Dalam ayat lain, Allah SWT Swt berfirman, “Hai orang-orang yang beriman, janganlah sekumpulan orang laki-laki mencela kumpulan yang lain, boleh jadi yang dicela itu lebih baik dari mereka. Dan jangan pula sekumpulan perempuan mencela kumpulan lainnya, boleh jadi yang dicela itu lebih baik. Dan janganlah suka mencela dirimu sendiri dan jangan memanggil dengan gelaran yang mengandung ejekan. Seburuk-buruk panggilan adalah (panggilan) yang buruk sesudah iman dan barangsiapa yang tidak bertaubat, maka mereka itulah orang-orang yang zalim” (QS. Al Hujuraat:11).

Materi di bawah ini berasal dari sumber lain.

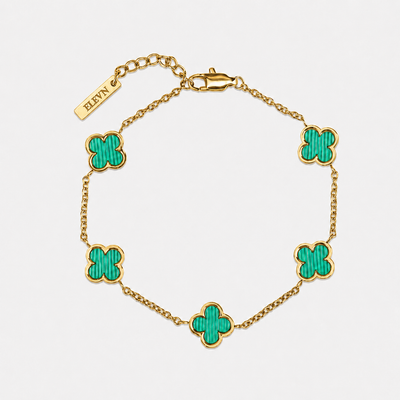 Fortuna Clover Bracelet Green (18K Gold Plated)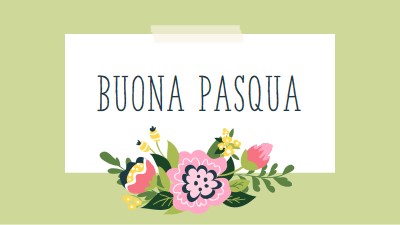 Fiori di Pasqua green whimsical-line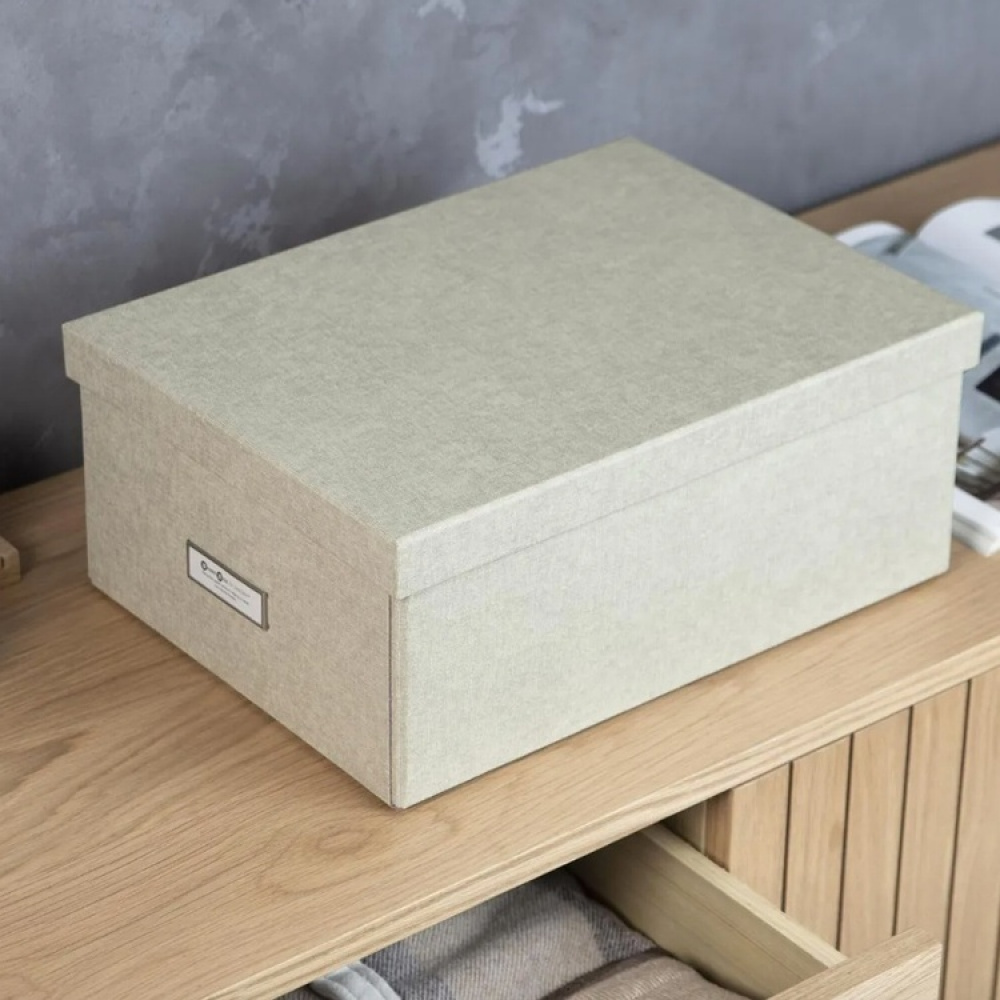 Box with label frame, BIGSO KATIA CANVAS, 39 x 28,5 x H 16 cm in the group Storage / Storage boxes / BigSo storage boxes at SmartaSaker.se (41790)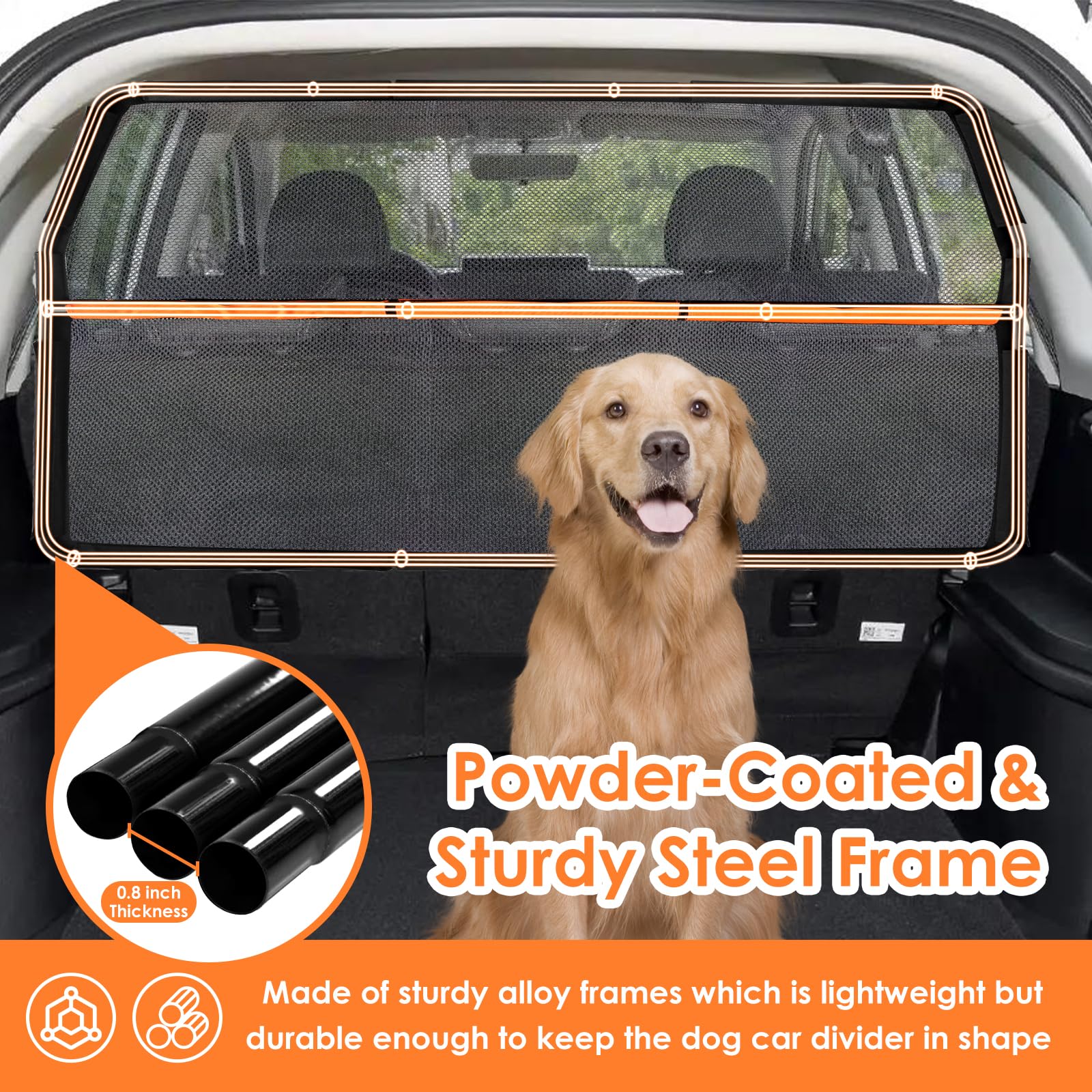 Zmgdrm Dog Car Barrier, 50" Wide Backseat Divider, Black Net Mesh Separator for SUV and Trunk - Model DBCB001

Tampaknya kedua ayat ini tak memberi pengaruh, bahkan tak jarang ujaran kebencian yang disertai hinaan itu terlontar dari mulut orang-orang yang mengaku paham agama. Mereka sudah lupa diri disebabkan oleh arogansi dan kebencian yang berlebihan. Fenomena lupa diri ini semakin terasa jelang Pilpres.
Lewat media sosial mereka tak hanya membangun mobilisasi dan dukungan politik, tapi juga menyebar kebencian berbau SARA, akibatnya narasi politik kita pun semakin tidak mendidik. Karena aktornya didominasi oleh orang-orang yang tidak waras dan lupa diri, maka media sosial kita pun tak ubahnya seperti pentas seni yang mengerikan, penuh sesak dengan kebencian dan masalah yang tak kunjung menuai solusi.
Ketika ketidakwarasan mendominasi media sosial, maka yang dominan muncul adalah masalah, sebab salah satu tabiat orang-orang yang tidak waras adalah mereka lebih suka berpikir masalah daripada solusi. Makanya itu, orang-orang waras tidak boleh tinggal diam melihat fenomena ini, karena perilaku seperti ini tak berpotensi menciptakan kegaduhan, tapi juga kebencian antar sesama dan berpotensi menciptakan disintegrasi bangsa.
Suaib A. Prawono, Pegiat Perdamaian/Presidium GUSDURian Sulawesi.